Berdasarkan latar belakang di atas untuk meningkatkan kinerja guru di SD Negeri 02 Karangturi Kecamatan Gondangrejo Kabupaten Karanganyar Semester I Tahun Pelajaran 2019/2020 adalah dengan menerapkan strategi motivasi. Untuk selanjutnya Penelitian Tindakan Sekolah ini diberi judul ”Penerapan Strategi Motivasi untuk meningkatkan Kinerja Guru di SD Negeri 02 Karangturi Kecamatan Gondangrejo Kabupaten Karanganyar Semester I Tahun Pelajaran 2019/2020.”
Berdasarkan pada latar belakang, data awal yang diperoleh dari hasil observasi awal, dan pembatasan masalah, maka masalah dalam penelitian ini dapat dirumuskan sebagai berikut: Apakah pelaksanaan penerapan strategi motivasi dapat meningkatkan kinerja guru SD Negeri 02 Karangturi Kecamatan Gondangrejo Kabupaten Karanganyar Semester I Tahun Pelajaran 2019/2020?.
Tujuan khusus pada penelitian ini adalah: Melalui penerapan strategi motivasi untuk mengatasi melemahnya kinerja guru SD Negeri 02 Karangturi Kecamatan Gondangrejo Kabupaten Karanganyar Semester I Tahun Pelajaran 2019/2020.
Hasil penelitian ini diharapkan dapat bermanfaat bagi semua pihak yang terkait dengan penelitian ini yaitu guru, peneliti, teman sejawat, dan sekolah tempat peneliti bekerja: (1) Dapat meningkatkan kinerja guru SD Negeri 02 Karangturi Kecamatan Gondangrejo Kabupaten Karanganyar; (2) Melalui penerapan strategi motivasi dapat mengatasi melemahnya kinerja guru SD Negeri 02 Karangturi Kecamatan Gondangrejo Kabupaten Karanganyar; (3) Hasil penelitian ini dapat memberikan informasi ilmiah kepada teman-teman anggota kelompok kerja kepala sekolah (KKKS) di UPT PUD NFI dan SD Kecamatan Gondangrejo Kabupaten Karanganyar; (4) Hasil penelitian ini dapat memotivasi teman-teman kepala sekolah dasar di UPT PUD NFI dan SD Kecamatan Gondangrejo Kabupaten Karanganyar untuk melaknakan penerapan strategi motivasi; (5) Hasil penelitian ini dapat meningkatkan mutu pembelajaran di SD Negeri 02 Karangturi Kecamatan Gondangrejo Kabupaten Karanganyar.
KAJIAN TEORI
Penerapan strategi motivasi
Strategi adalah perencanaan yang berisi tentang rangkaian kegiatan yang didesain untuk mencapai suatu tujuan tertentu.
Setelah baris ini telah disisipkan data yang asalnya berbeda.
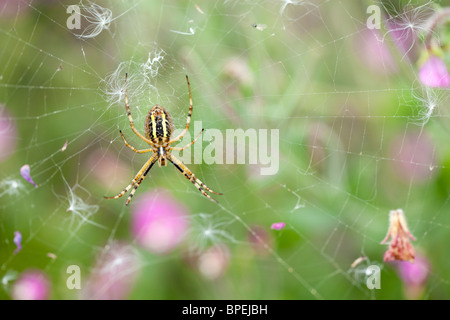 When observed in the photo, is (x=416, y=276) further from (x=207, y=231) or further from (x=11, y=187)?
(x=11, y=187)

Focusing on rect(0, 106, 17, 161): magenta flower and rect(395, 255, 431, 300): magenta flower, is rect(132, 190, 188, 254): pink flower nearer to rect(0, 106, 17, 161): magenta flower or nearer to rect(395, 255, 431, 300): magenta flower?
rect(0, 106, 17, 161): magenta flower

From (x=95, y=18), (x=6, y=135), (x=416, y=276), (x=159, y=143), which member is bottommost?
(x=416, y=276)

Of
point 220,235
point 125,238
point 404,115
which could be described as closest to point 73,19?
point 125,238

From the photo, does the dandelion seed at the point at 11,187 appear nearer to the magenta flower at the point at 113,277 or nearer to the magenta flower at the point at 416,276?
the magenta flower at the point at 113,277

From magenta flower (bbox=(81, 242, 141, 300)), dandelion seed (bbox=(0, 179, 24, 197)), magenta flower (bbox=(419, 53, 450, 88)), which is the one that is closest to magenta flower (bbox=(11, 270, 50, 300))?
magenta flower (bbox=(81, 242, 141, 300))

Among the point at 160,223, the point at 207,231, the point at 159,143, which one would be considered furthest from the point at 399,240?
the point at 159,143

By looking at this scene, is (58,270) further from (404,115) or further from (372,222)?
(404,115)

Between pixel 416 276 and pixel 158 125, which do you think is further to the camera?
pixel 158 125

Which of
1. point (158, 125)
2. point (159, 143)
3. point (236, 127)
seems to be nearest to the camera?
point (236, 127) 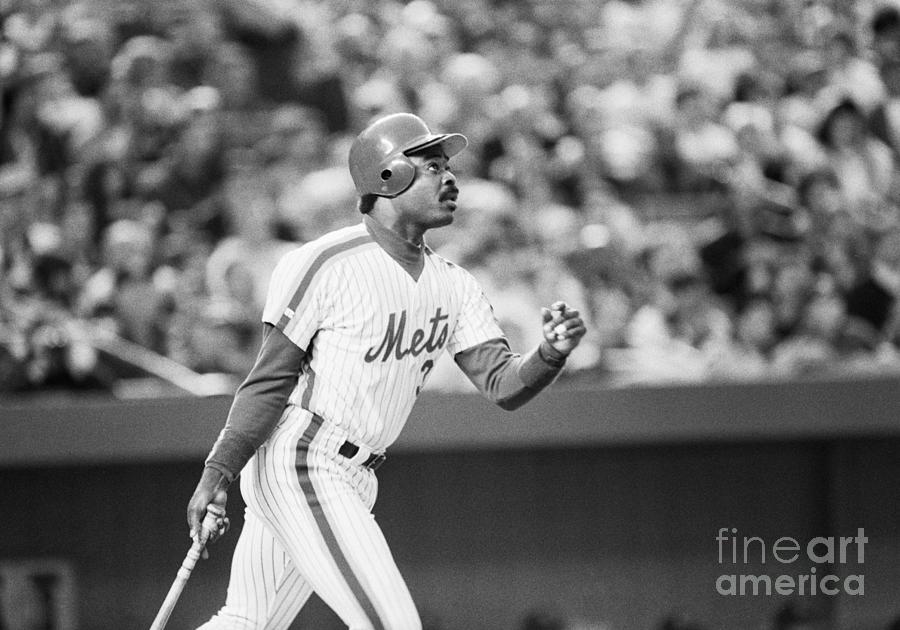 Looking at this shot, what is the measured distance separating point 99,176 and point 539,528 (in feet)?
9.41

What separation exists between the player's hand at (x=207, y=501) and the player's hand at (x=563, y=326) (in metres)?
0.90

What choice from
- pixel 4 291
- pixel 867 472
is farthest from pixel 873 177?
pixel 4 291

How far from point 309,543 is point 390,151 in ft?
3.39

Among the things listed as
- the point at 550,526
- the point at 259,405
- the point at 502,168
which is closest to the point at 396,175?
the point at 259,405

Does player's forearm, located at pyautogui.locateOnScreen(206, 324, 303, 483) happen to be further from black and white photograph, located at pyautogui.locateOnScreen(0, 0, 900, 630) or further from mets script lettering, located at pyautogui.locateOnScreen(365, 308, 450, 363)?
black and white photograph, located at pyautogui.locateOnScreen(0, 0, 900, 630)

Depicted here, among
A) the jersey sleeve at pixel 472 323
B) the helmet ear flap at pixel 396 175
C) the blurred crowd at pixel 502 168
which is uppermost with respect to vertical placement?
the blurred crowd at pixel 502 168

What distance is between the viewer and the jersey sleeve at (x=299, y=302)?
3250 mm

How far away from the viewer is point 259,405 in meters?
3.24

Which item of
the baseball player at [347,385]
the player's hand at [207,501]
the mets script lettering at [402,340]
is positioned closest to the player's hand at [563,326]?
the baseball player at [347,385]

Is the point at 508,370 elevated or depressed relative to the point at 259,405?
elevated

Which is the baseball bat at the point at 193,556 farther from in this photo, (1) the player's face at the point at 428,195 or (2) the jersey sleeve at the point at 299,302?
(1) the player's face at the point at 428,195

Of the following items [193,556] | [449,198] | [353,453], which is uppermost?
[449,198]

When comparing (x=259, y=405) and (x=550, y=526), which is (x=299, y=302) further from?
(x=550, y=526)

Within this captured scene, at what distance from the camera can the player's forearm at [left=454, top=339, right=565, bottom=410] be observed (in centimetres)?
328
Ada dua hal yang patut dicermati dari pengertian tersebut. Pertama, strategi merupakan rencana tindakan (rangkaian kegiatan) termasuk penggunaan metode dan pemanfaatan berbagai sumber daya/kekuatan yang didesain untuk melakukan suatu tindakan. Ini berarti, penyusunan suatu strategi baru sampai pada proses penyusunan rencana kerja, belum sampai pada tindakan. Kedua, strategi disusun untuk mencapai tujuan tertentu. Artinya, arah dari semua keputusan penyusunan strategi adalah pencapaian tujuan. Sebelum menentukan strategi, perlu dirumuskan tujuan yang jelas yang dapat diukur keberhasilannya, sebab tujuan adalah rohnya dalam implementasi suatu strategi.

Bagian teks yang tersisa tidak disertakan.